The artist confronts us with the most terrifying possibility for any of
us…to be confined ourselves, our consciousness blurred by psychotropic
drugs, perhaps physically restrained, abandoned, dependent on “the
kindness of strangers,” an unlikely resource in a time when elder
care is franchised by national corporations. As Millett says, “It’s
the same as being buried alive.”
Since 1959,
when she made her first sculpture, Millett has made art that reflects
her acute sense of vulnerability to oppression. “I’m a
human rights worker. You can only do that if you know how it feels
to be caged, to be tortured. It’s a matter of point of view,
empathy,” Millett says. “To get to that point of view—that’s
what I want for the viewer. If we know these things, there is some
hope that they can be changed. The idea that some are chosen as less
than human—because of race or poverty or sexuality or age or
whatever reason those in dominance say—that they can be locked
up so entirely,” Millett continues.
“When
my mother was in the nursing home, she made the mistake of going to
the elevator and pushing the button. She had no idea she wasn’t
supposed to use the elevator. She didn’t know she was confined
there. Then they designated her an ‘H’—a behavior
problem—and wanted to put a ‘wanderguard’ on her,
a bracelet that sets off an alarm if she crossed the unspoken boundary.”
The great
questions of justice affect
old women
Perhaps the most of all. And by
the manner of their
Death we see whole towns and
counties weighed and judged.
[Text, drawing#9]
Millett relays the experience of the six years she spent in the courts trying
to get her aunt Mig out. “I thought it would be easy—I had
rescued my mother from a lesser fate several years before and restored
her to her beloved apartment and excellent caretakers. But I had not reckoned
with the permanent power of attorney which Aunt Mig had long before vested
in her son, my cousin Roger, nor with the power of the corporations—the
nursing home is part of a huge chain.”
Cousin Roger
first charged Millett with the crime of elder abuse, and when that
was thrown out of court, the case moved into probate where the will
could be considered. “Rogers three [attorneys] and the corporations
six attorneys charged Aunt Mig with incompetence and won handily. She
was now entirely in their power. Mig remained incommunicado, drugged
further and probably under physical restraint until her death some
weeks later.”
My mother
died 13 days after her sister. They woke me up in Ireland and told
me to go home, my mother had died.”
The drawings
were done shortly after Aunt Mig’s death while Millett was at
Ballycotton, Co. Cork, Ireland. “I was in a state, very confused.

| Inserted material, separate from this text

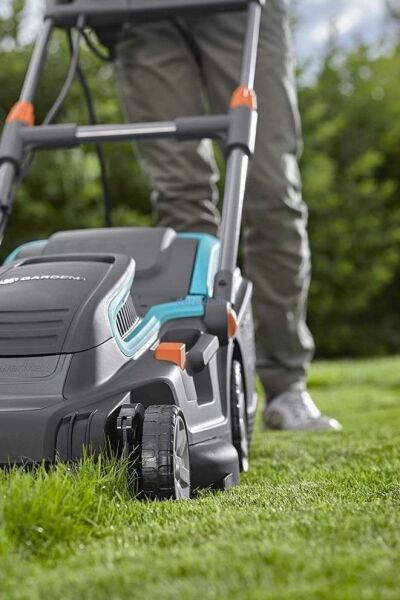 Gardena 5042-20 PowerMax Elektirkli Çim Biçme Makinesi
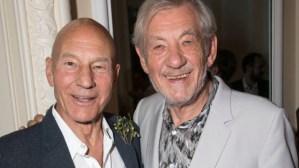 Ian McKellen, Patrick Stewart and more send open letter demanding visa-free travel for artists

I was scheduled to be in Ireland for a working retreat. I already had
the ticket. I was overcome with emotion. I was pouring ink, rolling
it around. Then I wasn’t pouring it anymore, just using a paper
towel and smearing it, to flatten the line, before it could take its
own course. The last pictures, I was really swiping the ink across
the paper. Everything got so much simpler. I was letting her go.”
Making the
drawings, then, was first of all Millett’s way of grieving for
her aunt, for that loss, and for the unnecessary cruelty she suffered.
Hung in the gallery, they are a call to activism. They are also her
plea for forgiveness:
In the long
still tunnel of death
Hear me, the one who failed you.
[Text, drawing
#11]
“The
tragedy is,” Millett says, “it wasn’t necessary.
It didn’t have to be this way. We could be having a great time.
The idea was to have a great time together. It is a waste of joy.”